4. Das Land Schleswig-Holstein hat dem Beschwerdeführer seine notwendigen Auslagen zu erstatten.
Die Verfassungsbeschwerde betrifft die Höhe der Telefongebühren in einer Justizvollzugsanstalt.
I.
1. Der Beschwerdeführer befand sich seit Oktober 2014 in Schleswig-Holstein in Strafhaft. Die Justizvollzugsanstalt, in der er untergebracht war, verfügt über ein Insassentelefonsystem, das von einem privaten Telekommunikationsanbieter (im Folgenden: der Anbieter) auf der Grundlage eines mit dem Land Schleswig-Holstein im Jahr 2005 geschlossenen Vertrages mit einer Laufzeit von 15 Jahren betrieben wird. Alternative Telefonnutzungsmöglichkeiten bestehen nicht.
2. Zum 1. Juni 2015 nahm der Anbieter einen Tarifwechsel vor, infolge dessen unter anderem das Angebot wegfiel, durch die monatliche Zahlung eines bestimmten Betrages die Kosten für eine Tarifeinheit um bis zu 50 % zu senken (sogenannte FLEXoption).
3. Im Juli 2015 beantragte der Beschwerdeführer bei der Justizvollzugsanstalt, die Telefongebühren gemäß § 3 Abs. 1 StVollzG an diejenigen außerhalb der Anstalt anzupassen und dabei seine finanziellen Interessen zu wahren. Die Anstalt lehnte den Antrag ab.

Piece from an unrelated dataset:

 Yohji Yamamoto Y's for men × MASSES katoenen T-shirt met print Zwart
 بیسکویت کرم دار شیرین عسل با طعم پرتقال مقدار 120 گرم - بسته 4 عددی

4. In seinem Antrag auf gerichtliche Entscheidung vom 21. Juli 2015 machte der Beschwerdeführer geltend, dass die Justizvollzugsanstalt durch die Anerkennung der Telefontarife vom 1. Juni 2015 eine Fürsorgepflichtverletzung begehe, da es andere Anbieter gebe, die bis zu 50 % günstiger seien. Seine Telefonkosten würden sich auf ungefähr 80,- EUR monatlich belaufen. Durch die Abschaffung der FLEXoption sei das Telefonieren deutlich teurer geworden. Die Justizvollzugsanstalt trat dem in ihrer Stellungnahme im Wesentlichen unter Verweis darauf entgegen, dass der Anbieter seine Leistungen zu marktgerechten Preisen erbringe.
5. Mit Beschluss vom 24. März 2016 wies das Landgericht Lübeck den Antrag als unbegründet zurück. Das Gericht führte zur Begründung unter anderem aus, das Ministerium für Justiz, Kultur und Europa des Landes Schleswig-Holstein habe bereits Verhandlungen mit dem Anbieter über eine weitere Senkung der Telefongebühren geführt, welche jedoch wegen der zum 1. Juni 2015 erfolgten Tarifänderung erfolglos geblieben seien. Nach dem Ende der Vertragslaufzeit sei eine Neuausschreibung geplant, in deren Vorbereitung ein Markterkundungsverfahren eingeleitet worden sei.
Ein Vergleich der seit Juni 2015 geltenden Tarife mit denjenigen anderer Telekommunikationsdienstleister ergebe, dass der Anbieter seine Leistungen zu marktüblichen Preisen erbringe. Ein Sachverständigengutachten holte das Gericht nicht ein.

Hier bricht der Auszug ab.